Another reason why Trump started this trade war was over the transfer of intellectual property issue. Currently, if foreign firms want to enter the Chinese market through a joint venture with a Chinese business partner, the foreign firm is required to transfer their intellectual property to their Chinese partner. This is in contrast to the WTO agreements of non-discriminatory treatment that China agreed upon when they became a member in 2001. The unlevel playing field is further increased by the subsidies SOEs (State Owned Enterprises) and export industries receive from the government. China could open its market to foreign companies, however it fears this will slow Chinese companies’ growth due to the increased international competition. If China continues to have many barriers to entry to the Chinese market, more countries are likely to voice their discontent, possibly with more tariffs or sanctions.
Although China has many barriers to entry, they have promised to ease these barriers starting with the insurance, banking, securities and fund sectors. China plans to raise the foreign shareholder limit to 51% and will no longer need to have held a representative office in China for 2 consecutive years for the insurance sector. It’s possible that China is finally opening up its financial market to the world as a response to Trump’s allegations but it is also possible that their rising debt is the instigator of this move. By allowing foreign insurance firms to start their businesses, they will be able to cover some of the losses incurred from the NPLs. This will reduce the effect on China’s GDP as foreign firms are taking the losses from defaulting Chinese companies. With the trade war bringing the EU, Canada and China closer together, firms from these countries may have better chances at breaking into the Chinese market. Although they may bear some of the losses from China’s high debt, they will be able to access a whole new market.

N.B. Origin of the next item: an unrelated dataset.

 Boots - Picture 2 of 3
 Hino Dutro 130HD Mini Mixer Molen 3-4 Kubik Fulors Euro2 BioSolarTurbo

One concern for China is their increasing debt to GDP ratio. The reduced GDP growth from the tariffs and possible job losses could result in more defaults, thus more debt for China. With their debt to GDP ratio being around 250%, a shock could trigger a debt crisis leading to devastating effects in China. Liquidity for firms is already limited as a measure from the government to reduce their debt and prevent over-lending. However, this means that when firms need short-term liquidity as a result of the tariffs, they may not be able to find it and become bankrupt, further reducing China’s GDP. The China Banking and Insurance Regulatory Commission (CBIRC) warned that it is more likely for corporate defaults to happen. Although this may scare investors, it is necessary for China due to the current expectation of SOEs being bailed out, resulting in riskier behaviour and investments from these firms. With more defaults, it is a sign that risky behaviour is no longer tolerated by the government, stabilising the markets. However, too many defaults are a red flag for investors and could further reduce GDP growth from less investment.
The tariffs will inevitably end up with jobs being lost in both China and the US, trade barriers being put up and moving away from trade liberalisation, and increased tensions between the US and the world. There will be no winners from this trade war, only losers, so the real question is who will be the biggest loser?